Directions → Skip the pictures. Return exactly the lines from the one containing "When we look" through the end of the entries below.

Records supplied →
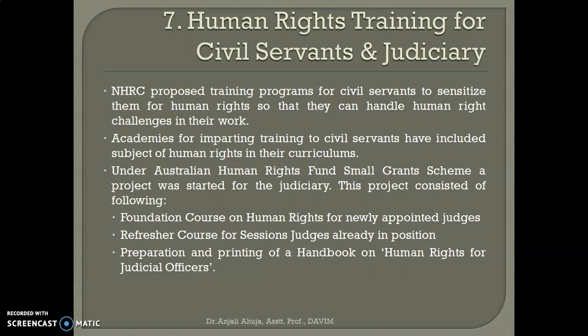Under the Australian Human Rights Fund small grant scheme, a project was started for the judiciary. This consisted of three components: first, a foundation course on human rights for newly appointed judges so they can learn about various human rights and related laws; second, a refresher course for session judges already in position; and third, the preparation and printing of a handbook on human rights for judicial officers. This three-step process was funded by the Australian Human Rights Fund.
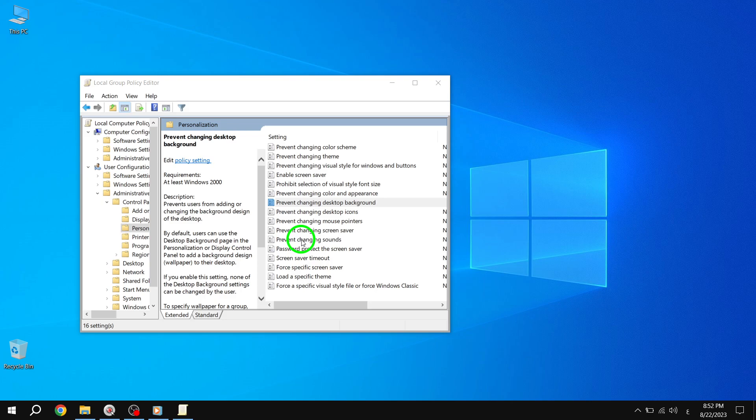Now, if a user attempts to change the desktop background via Settings, Personalization, Background, they will see the message: Some settings are managed by your organization, and the options will be grayed out.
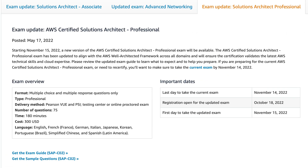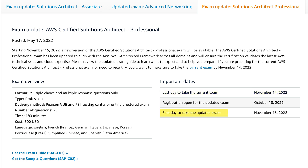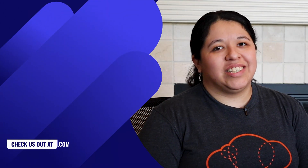Here are some important dates to remember: October 18th is when registration opens for the new exam; November 14th is the last day you can take the current exam; and November 15th is the first day you can take the updated exam. Keep in mind that once you attain or recertify the SA Pro cert, certs like the SA Associate will automatically be renewed, assuming you already have it. Check out the resources for the exam guide and sample questions.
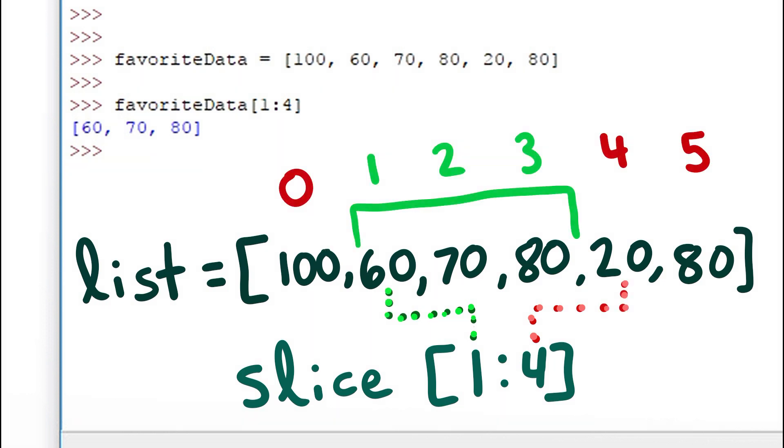When we look at all the indexes, notice how the slice picks out only the values we're interested in. The value at the zero index is not included, but 1, 2, 3 are included, and the 4th and the 5th are excluded from this new set.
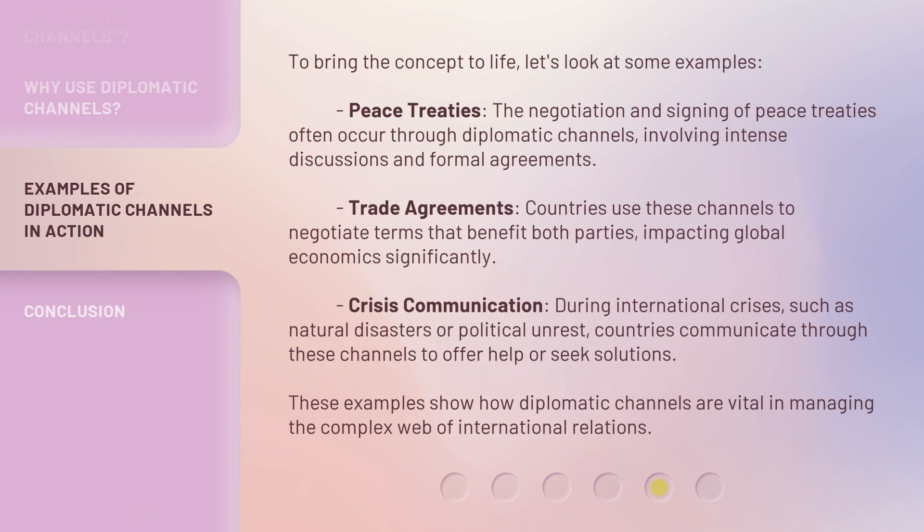To bring the concept to life, let's look at some examples. The negotiation and signing of peace treaties often occur through diplomatic channels, involving intense discussions and formal agreements. Trade agreements: countries use these channels to negotiate terms that benefit both parties, impacting global economics significantly. Crisis communication: during international crises, such as natural disasters or political unrest, countries communicate through these channels to offer help or seek solutions. These examples show how diplomatic channels are vital in managing the complex web of international relations.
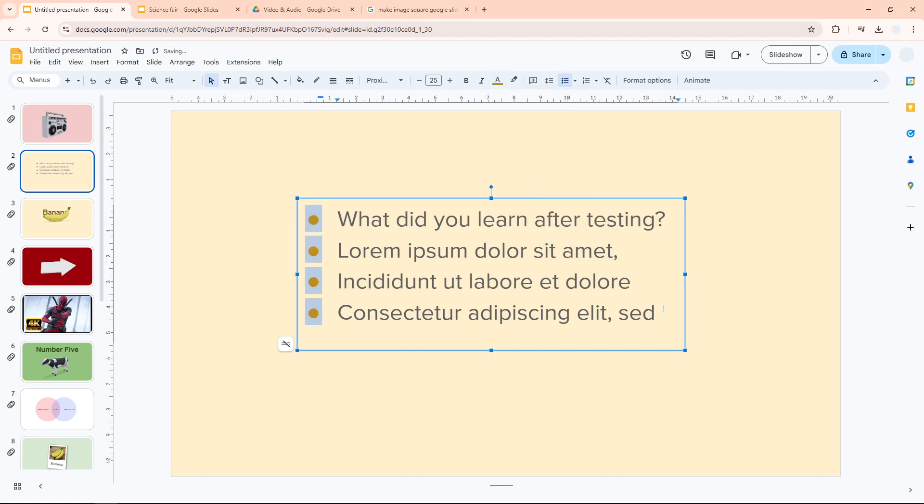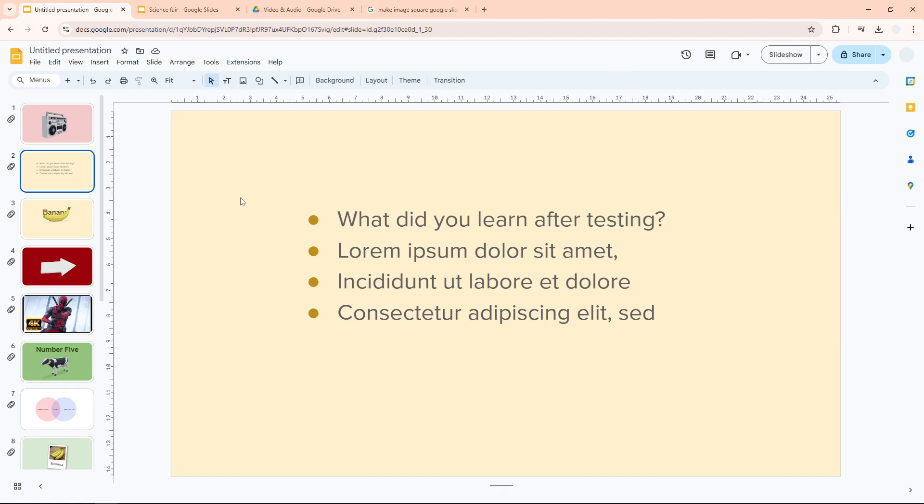And there you go! All the bullet points have changed their color. That's how you can change the bullet point color in Google Slides.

Response area →
When we look at all the indexes, notice how the slice picks out only the values we're interested in. The value at the zero index is not included, but 1, 2, 3 are included, and the 4th and the 5th are excluded from this new set.
To bring the concept to life, let's look at some examples. The negotiation and signing of peace treaties often occur through diplomatic channels, involving intense discussions and formal agreements. Trade agreements: countries use these channels to negotiate terms that benefit both parties, impacting global economics significantly. Crisis communication: during international crises, such as natural disasters or political unrest, countries communicate through these channels to offer help or seek solutions. These examples show how diplomatic channels are vital in managing the complex web of international relations.
And there you go! All the bullet points have changed their color. That's how you can change the bullet point color in Google Slides.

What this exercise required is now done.